Après les accords d'Evian du 18 mars 1962, la population française d'Algérie a commencé son exode vers la France.
" Un véhicule du FLN mitraillait le long des quais... " |
En ce qui nous concerne, nous sommes partis les uns après les autres en catastrophe. Fin mars mon frère aîné Christian est parti avec mon oncle car le FLN enlevait les jeunes de 18 ans pour les torturer et les tuer, nous avons eu leur visite peu de temps après son départ. |
Nous l'avions accompagné jusqu'au port et en revenant un véhicule du FLN mitraillait le long des quais, nous avons eu juste le temps de nous mettre à l’abri derrière des voitures. Pour ma mère c’était la deuxième fois qu’elle subissait cette situation, un jour, en sortant de son travail.
Pour
Jean-Pierre, Robert et moi, ma maman, travaillant à
l’hôpital Mustapha dans un service
géré pas
des religieux, elle avait réussi à nous faire
partir
avec
d’autres enfants dont les parents travaillaient dans le
même service. Le départ fut rude, partir sans les
parents
dans la précipitation en laissant tous nos souvenirs
d’enfance, les copains, les affaires personnelles, les
jouets,
sans bagage personnel. Les magasins ayant tous
été
plastiqués et on ne trouvait plus de valises, mon
père en
avait confectionné une en contre-plaqué pour nous
trois,
elle était grande et surtout très lourde. Il
avait pris
soin de la vernir et collé des étiquettes avec
notre nom
et avait nommé un responsable qui était
Jean-Pierre.
Nous étions avec les autres enfants réunis sur le quai au pied du bateau, il y avait foule et d’énormes bousculades. Qui des 2 500 passagers allait monter le premier pour avoir la meilleure des 1 350 places disponibles ? On était fiers de voyager sur ce beau paquebot qu’était le Kairouan. Un dernier au revoir aux parents avant de monter sur la passerelle au bout de laquelle on nous plaça dans la cale du bateau.

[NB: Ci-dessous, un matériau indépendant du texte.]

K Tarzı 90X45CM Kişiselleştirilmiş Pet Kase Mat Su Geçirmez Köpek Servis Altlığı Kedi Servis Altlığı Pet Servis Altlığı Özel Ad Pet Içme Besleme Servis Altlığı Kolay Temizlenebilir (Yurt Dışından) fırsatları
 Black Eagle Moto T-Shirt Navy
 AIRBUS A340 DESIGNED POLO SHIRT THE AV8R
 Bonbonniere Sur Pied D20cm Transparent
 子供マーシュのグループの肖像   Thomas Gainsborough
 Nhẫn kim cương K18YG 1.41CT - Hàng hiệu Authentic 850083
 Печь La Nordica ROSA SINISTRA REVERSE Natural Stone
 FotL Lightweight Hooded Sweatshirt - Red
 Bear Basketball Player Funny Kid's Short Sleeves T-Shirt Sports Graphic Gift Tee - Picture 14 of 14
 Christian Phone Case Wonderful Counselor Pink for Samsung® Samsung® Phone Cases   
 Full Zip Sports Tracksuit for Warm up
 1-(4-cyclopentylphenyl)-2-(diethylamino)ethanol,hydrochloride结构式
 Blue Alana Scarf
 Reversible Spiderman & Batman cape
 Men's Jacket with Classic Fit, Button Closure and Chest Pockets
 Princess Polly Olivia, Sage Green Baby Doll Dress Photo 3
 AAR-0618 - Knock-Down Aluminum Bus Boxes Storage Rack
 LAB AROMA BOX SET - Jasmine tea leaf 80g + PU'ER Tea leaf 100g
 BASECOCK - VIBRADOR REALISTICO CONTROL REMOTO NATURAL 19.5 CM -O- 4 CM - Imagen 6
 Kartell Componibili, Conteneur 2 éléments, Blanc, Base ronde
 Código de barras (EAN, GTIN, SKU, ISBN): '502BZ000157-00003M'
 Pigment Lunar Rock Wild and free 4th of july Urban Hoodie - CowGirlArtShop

Tous les passagers étaient entassés, les personnes âgées sur des transats en bois et le reste sur leurs bagages ou à même le sol. Je n’étais pas bien grand mais ma tête n’était pas loin du plafond. Voyant tous les gens en pleurs avec de gros bagages, on comprenait très bien que l’on ne reverrait plus notre pays et on aurait tous voulu être sur le pont pour admirer et voir s’éloigner une dernière fois notre merveilleux pays qu’est l’Algérie avec en toile de fond le port d’Alger avec ses arcades, la place du gouvernement avec la casbah et sur les hauteurs Notre- Dame-d’Afrique.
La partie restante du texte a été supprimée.